Lemon tart with meringue
A citrusy sweet finish let us off with a happy enough ending and the meringue cigarettes were highly addictive.  So much so it stole the show from the tart itself.

If I could choose however, lunching at Tin Lung Heen is a little more exciting for the variety of dim sums that you can get.  Well, this is Hong Kong after all.

Baked Abalone Puffs with Minced Chicken
I haven't exhausted the menu yet but this is my favorite so far.  The abalone has a nice bite but isn't chewy and is a nice contrast to the crust which is firm but breaks down easily when in the mouth.

Baked Barbequed Buns
These are a nice alternative to traditional steamed BBQ pork buns.  A milky fragrant exterior that is fluffy with a good pork filling which was just a tad sweet for me.

Crispy roasted pork belly
Well, you can't really go wrong with this Cantonese roast staple.  TLH's version is a squatter piece which means the ratio of perfect crispy crackling to meat and fat is well, perfect.

Crispy noodle with Abalone and Chicken
This was a souped up version of the usual with the addition of abalone.  Crispy noodles well done and not greasy and abalones used were fresh and crunchy.  Lots of action on the palate with the different textures.  The fermented bean paste based sauce was surprisingly mild.

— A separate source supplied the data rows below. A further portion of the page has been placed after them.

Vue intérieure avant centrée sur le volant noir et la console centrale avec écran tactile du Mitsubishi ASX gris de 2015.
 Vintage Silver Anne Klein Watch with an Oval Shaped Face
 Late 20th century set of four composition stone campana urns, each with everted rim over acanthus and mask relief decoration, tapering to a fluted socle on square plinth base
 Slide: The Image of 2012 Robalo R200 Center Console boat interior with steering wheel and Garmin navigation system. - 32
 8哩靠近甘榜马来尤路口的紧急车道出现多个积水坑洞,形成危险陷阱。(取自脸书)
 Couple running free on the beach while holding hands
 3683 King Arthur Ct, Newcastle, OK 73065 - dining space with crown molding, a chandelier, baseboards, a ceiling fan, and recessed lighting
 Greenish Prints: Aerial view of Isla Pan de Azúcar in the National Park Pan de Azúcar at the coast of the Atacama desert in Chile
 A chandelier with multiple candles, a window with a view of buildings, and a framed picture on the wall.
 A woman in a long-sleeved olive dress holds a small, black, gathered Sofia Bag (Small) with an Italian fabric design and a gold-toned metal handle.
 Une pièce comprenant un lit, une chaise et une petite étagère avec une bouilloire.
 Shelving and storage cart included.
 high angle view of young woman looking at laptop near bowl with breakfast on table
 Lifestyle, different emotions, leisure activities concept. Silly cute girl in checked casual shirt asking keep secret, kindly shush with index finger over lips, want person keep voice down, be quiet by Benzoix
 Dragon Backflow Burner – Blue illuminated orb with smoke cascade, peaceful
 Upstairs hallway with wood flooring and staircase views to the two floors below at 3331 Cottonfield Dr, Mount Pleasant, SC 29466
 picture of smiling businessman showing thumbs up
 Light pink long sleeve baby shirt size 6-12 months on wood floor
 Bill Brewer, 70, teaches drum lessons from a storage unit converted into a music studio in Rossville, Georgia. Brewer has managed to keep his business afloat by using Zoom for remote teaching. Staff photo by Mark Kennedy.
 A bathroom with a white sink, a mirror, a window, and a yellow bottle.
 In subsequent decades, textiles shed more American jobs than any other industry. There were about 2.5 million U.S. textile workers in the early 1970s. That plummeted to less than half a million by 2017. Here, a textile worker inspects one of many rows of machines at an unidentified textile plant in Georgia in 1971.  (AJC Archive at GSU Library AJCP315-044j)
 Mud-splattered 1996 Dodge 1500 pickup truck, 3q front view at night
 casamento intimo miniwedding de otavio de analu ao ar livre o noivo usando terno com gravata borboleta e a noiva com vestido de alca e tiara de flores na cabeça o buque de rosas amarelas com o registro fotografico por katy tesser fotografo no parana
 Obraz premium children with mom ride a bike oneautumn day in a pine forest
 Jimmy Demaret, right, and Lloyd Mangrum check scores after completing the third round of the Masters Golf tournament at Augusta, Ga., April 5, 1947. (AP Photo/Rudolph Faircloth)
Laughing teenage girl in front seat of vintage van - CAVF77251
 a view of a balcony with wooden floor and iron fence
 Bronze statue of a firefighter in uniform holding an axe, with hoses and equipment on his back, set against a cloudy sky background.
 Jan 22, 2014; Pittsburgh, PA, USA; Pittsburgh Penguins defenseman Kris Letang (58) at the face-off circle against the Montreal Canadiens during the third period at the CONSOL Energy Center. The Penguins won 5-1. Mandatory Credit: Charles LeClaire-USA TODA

Poached Kailan with Conpoy
The use of good vegetables and conpoy came through in this really simple dish and it was a pleasure to enjoy the natural but diverse sweetness of both together.

Petit fours
The osmanthus jelly with wolfberries is a cool and light way to finish lunch without feeling like a tank before heading back to the office.  The floral scent may not be welcome by some but I love it and am usually sold to any dessert where it is represented.  Cashew cookies in the background were pretty decent too.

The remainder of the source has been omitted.